The exchange notes will be issued in the form of one or more registered notes in global form, without interest coupons (the “global notes”).

Upon issuance, each of the global notes will be deposited with the trustee as custodian for DTC and registered in the name of Cede & Co., as nominee of DTC.

Ownership of beneficial interests in each global note will be limited to persons who have accounts with DTC (“DTC participants”) or persons who hold interests through DTC participants. We expect that under procedures established by DTC:

 

   

upon deposit of each global note with DTC’s custodian, DTC will credit portions of the principal amount of the global note to the accounts of the DTC participants designated by the initial purchasers; and

 

   

ownership of beneficial interests in each global note will be shown on, and transfer of ownership of those interests will be effected only through, records maintained by DTC (with respect to interests of DTC participants) and the records of DTC participants (with respect to other owners of beneficial interests in the global note).

Beneficial interests in the global notes may not be exchanged for notes in physical, certificated form except in the limited circumstances described below.

Book-Entry Procedures for the Global Notes

All interests in the global notes will be subject to the operations and procedures of DTC, Euroclear Bank S.A./N.V. (“Euroclear”) and Clearstream Banking, Société Anonyme (“Clearstream”). We provide the following summaries of those operations and procedures solely for the convenience of investors. The operations and procedures of each settlement system are controlled by that settlement system and may be changed at any time. We are not responsible for those operations or procedures.

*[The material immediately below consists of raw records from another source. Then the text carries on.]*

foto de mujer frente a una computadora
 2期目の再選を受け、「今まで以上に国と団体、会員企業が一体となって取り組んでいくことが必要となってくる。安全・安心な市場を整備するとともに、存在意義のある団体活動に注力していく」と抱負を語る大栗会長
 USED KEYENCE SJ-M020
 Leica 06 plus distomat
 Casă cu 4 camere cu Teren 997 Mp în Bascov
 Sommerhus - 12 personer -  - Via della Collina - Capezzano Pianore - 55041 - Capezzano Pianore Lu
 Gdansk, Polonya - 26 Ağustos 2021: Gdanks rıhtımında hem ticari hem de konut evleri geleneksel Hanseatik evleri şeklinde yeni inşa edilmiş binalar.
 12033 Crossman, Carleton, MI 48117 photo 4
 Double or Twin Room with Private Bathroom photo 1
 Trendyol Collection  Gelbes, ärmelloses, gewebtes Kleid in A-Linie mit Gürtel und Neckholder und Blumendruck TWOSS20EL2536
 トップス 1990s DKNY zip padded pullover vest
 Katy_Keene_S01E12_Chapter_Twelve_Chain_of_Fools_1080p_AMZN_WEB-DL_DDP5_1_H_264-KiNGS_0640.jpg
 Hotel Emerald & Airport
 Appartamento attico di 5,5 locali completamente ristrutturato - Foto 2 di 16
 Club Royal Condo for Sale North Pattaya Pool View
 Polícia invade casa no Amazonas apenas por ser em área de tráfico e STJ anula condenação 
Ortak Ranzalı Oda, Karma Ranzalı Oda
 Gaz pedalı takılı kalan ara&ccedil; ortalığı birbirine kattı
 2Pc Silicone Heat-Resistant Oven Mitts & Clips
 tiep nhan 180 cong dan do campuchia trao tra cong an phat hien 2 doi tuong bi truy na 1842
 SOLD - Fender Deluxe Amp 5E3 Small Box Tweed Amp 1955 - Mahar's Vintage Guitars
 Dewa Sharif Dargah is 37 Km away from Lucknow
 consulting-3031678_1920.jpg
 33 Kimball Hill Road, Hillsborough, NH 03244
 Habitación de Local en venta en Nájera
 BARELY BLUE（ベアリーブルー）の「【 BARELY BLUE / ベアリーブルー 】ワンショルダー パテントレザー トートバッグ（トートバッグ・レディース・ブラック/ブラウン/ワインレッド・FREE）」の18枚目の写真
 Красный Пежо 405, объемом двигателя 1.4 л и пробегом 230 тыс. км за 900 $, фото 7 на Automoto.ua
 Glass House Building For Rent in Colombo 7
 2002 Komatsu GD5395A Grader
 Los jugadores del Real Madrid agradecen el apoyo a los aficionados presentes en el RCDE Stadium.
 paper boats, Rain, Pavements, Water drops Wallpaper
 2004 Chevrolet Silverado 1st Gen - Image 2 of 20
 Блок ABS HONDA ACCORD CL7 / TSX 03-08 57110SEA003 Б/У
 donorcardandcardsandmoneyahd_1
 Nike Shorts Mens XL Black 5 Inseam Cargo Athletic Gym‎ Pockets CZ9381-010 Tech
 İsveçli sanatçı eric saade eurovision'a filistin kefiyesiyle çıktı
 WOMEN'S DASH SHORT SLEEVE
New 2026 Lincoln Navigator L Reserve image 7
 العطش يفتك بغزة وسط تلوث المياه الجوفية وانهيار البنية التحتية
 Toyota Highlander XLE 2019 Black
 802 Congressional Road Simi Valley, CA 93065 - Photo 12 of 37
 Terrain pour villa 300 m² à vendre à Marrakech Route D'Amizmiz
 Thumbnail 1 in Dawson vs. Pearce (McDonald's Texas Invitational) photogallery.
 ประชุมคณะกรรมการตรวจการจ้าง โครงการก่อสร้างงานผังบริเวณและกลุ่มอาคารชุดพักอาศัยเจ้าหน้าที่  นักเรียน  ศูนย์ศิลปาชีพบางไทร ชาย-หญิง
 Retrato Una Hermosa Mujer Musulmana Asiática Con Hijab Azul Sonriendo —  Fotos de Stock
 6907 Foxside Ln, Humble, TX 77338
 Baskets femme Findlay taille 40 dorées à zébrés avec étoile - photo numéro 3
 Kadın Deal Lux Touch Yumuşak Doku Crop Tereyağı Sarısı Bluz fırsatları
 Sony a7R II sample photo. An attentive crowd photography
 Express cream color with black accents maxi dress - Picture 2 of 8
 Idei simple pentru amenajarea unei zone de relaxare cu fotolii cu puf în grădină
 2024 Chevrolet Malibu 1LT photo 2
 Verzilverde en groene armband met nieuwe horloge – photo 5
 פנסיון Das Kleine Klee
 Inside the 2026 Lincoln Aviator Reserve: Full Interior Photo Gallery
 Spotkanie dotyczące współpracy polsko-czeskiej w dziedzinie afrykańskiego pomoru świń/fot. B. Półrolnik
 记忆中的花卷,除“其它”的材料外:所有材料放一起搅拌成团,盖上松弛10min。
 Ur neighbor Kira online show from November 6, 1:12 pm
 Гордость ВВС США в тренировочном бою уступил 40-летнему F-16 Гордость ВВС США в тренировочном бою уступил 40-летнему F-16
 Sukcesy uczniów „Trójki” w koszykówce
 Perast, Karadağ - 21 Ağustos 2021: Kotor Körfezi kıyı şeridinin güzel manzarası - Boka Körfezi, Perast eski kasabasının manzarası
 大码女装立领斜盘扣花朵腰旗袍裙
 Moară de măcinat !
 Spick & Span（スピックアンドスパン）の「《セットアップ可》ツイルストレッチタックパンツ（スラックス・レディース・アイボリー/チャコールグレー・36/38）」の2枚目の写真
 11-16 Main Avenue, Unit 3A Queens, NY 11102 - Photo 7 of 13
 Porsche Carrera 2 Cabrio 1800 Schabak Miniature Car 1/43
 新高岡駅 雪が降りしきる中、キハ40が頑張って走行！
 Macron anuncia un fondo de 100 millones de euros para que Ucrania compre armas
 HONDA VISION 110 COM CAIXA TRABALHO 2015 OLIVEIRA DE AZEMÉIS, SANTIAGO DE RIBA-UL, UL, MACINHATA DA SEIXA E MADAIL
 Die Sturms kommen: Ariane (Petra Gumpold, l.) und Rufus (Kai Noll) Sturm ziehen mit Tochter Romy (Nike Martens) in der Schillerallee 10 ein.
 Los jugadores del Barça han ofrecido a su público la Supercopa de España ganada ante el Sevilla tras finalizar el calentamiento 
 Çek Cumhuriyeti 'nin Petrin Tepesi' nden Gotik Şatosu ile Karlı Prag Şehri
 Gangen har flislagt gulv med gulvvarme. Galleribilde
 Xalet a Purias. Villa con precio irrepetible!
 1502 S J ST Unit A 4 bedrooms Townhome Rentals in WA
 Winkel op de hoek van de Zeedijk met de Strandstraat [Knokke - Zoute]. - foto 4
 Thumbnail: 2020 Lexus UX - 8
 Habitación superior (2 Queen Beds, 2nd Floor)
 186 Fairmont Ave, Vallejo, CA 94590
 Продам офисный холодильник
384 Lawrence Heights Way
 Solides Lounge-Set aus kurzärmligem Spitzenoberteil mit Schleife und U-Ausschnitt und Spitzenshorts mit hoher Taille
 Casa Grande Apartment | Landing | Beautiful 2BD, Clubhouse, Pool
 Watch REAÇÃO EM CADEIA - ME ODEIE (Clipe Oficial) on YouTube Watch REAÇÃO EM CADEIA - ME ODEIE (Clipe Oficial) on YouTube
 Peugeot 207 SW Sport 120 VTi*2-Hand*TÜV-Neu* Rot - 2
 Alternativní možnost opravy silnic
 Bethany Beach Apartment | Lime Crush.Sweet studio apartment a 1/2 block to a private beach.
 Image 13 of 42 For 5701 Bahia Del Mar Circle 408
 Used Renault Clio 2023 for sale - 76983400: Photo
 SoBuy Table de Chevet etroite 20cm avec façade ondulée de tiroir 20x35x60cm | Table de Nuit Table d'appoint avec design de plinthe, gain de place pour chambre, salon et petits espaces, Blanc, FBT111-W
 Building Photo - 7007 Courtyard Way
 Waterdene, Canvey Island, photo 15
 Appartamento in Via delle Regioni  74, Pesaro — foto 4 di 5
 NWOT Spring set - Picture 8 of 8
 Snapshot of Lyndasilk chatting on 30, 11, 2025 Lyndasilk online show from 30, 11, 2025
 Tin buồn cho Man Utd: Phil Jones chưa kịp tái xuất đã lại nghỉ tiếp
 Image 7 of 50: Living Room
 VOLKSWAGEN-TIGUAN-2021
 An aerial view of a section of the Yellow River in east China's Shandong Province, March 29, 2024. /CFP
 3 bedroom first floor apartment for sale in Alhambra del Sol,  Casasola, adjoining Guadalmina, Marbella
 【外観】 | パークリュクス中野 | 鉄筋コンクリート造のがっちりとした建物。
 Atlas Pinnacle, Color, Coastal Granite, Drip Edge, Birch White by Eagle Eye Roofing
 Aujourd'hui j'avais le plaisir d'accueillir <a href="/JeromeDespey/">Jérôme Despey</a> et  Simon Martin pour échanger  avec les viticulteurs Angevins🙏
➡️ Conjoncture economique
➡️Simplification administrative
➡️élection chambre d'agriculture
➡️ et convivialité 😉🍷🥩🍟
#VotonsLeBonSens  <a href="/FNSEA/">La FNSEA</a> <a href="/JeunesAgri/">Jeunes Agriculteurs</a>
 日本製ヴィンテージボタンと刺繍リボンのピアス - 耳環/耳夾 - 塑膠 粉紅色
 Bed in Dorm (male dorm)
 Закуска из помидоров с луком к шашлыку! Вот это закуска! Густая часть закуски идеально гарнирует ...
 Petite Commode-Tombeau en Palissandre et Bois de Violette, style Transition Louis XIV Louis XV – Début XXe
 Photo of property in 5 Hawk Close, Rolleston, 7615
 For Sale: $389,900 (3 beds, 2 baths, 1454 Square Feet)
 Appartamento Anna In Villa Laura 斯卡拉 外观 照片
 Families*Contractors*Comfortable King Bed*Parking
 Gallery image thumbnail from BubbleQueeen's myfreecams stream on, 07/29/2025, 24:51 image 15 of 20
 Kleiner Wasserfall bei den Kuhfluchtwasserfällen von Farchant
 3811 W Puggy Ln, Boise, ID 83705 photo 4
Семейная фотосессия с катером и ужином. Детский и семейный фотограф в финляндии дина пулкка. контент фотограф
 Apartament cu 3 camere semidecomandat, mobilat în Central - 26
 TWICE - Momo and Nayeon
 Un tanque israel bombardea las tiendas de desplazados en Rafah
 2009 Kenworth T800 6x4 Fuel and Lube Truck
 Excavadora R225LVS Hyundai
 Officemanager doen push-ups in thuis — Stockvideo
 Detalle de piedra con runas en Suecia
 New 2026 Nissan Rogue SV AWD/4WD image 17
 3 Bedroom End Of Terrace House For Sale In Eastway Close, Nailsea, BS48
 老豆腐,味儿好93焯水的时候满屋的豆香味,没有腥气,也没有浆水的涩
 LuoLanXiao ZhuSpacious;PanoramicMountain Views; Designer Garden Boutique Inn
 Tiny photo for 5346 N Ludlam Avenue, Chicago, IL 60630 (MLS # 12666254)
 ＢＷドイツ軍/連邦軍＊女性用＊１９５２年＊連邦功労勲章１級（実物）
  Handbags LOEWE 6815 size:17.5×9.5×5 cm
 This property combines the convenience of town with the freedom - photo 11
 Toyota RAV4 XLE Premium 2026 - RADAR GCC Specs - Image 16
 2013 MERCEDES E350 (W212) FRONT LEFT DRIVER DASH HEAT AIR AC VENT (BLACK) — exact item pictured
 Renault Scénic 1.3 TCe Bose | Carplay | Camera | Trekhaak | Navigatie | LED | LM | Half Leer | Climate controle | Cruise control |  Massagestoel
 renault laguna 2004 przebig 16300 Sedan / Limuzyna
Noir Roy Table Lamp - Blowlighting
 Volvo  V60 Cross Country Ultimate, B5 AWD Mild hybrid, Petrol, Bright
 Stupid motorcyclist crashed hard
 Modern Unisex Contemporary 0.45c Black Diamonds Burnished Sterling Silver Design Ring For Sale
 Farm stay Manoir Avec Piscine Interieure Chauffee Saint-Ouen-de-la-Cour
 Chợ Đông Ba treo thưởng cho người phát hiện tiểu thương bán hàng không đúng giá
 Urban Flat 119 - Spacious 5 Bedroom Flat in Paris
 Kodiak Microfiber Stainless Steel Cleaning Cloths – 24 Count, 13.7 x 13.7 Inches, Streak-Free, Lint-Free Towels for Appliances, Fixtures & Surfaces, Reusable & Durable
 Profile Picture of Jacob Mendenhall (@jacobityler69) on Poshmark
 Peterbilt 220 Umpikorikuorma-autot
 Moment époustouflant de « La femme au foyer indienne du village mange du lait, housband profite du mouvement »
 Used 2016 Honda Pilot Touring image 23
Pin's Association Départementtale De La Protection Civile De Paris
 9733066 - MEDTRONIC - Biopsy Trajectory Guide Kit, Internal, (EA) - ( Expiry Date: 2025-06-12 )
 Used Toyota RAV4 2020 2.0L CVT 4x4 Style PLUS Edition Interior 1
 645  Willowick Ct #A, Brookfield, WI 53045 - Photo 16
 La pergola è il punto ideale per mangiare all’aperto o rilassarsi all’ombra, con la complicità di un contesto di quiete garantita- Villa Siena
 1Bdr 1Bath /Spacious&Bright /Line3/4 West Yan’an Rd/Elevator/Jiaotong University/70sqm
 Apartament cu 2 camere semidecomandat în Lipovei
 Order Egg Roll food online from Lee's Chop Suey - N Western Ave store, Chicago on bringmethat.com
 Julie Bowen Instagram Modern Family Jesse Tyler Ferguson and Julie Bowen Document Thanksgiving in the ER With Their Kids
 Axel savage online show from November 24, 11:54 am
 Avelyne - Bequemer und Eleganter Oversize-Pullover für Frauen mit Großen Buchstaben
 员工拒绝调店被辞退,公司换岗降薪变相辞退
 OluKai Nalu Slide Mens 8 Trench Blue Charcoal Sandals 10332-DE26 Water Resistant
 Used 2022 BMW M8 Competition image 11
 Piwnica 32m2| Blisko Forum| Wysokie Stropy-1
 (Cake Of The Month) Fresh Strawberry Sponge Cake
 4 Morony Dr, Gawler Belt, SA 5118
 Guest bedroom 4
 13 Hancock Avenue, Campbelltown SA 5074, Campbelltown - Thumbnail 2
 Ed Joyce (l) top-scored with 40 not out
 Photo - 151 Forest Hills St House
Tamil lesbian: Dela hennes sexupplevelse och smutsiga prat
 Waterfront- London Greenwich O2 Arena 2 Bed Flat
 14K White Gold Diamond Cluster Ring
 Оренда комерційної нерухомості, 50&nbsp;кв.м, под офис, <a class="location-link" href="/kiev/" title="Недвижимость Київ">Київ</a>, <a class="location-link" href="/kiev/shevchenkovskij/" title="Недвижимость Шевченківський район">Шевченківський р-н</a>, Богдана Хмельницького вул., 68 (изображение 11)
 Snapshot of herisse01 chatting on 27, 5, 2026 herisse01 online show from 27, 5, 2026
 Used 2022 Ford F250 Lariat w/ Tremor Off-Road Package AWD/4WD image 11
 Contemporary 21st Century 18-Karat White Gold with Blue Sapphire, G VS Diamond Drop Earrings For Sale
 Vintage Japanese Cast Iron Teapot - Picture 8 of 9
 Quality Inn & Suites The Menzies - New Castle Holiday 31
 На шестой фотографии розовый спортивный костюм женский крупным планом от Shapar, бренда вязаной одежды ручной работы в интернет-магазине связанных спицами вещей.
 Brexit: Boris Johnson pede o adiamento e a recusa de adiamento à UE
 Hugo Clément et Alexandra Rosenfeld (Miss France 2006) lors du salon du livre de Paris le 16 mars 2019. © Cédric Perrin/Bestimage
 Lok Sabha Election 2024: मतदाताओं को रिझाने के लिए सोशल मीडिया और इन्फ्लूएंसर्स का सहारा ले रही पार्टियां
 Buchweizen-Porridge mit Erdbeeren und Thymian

DTC has advised us that it is:

 

   

a limited purpose trust company organized under the laws of the State of New York;

 

   

a “banking organization” within the meaning of the New York State Banking Law;

 

   

a member of the Federal Reserve System;

 

   

a “clearing corporation” within the meaning of the New York Uniform Commercial Code; and

 

   

a “clearing agency” registered under Section 17A of the Exchange Act.

DTC was created to hold securities for its participants and to facilitate the clearance and settlement of securities transactions between its participants through electronic book-entry changes to the accounts of its participants. DTC’s participants include securities brokers and dealers; banks and trust companies; clearing corporations and other organizations. Indirect access to DTC’s system is also available to others such as banks, brokers, dealers and trust companies; these indirect participants clear through or maintain a custodial relationship with a DTC participant, either directly or indirectly. Investors who are not DTC participants may beneficially own securities held by or on behalf of DTC only through DTC participants or indirect participants in DTC.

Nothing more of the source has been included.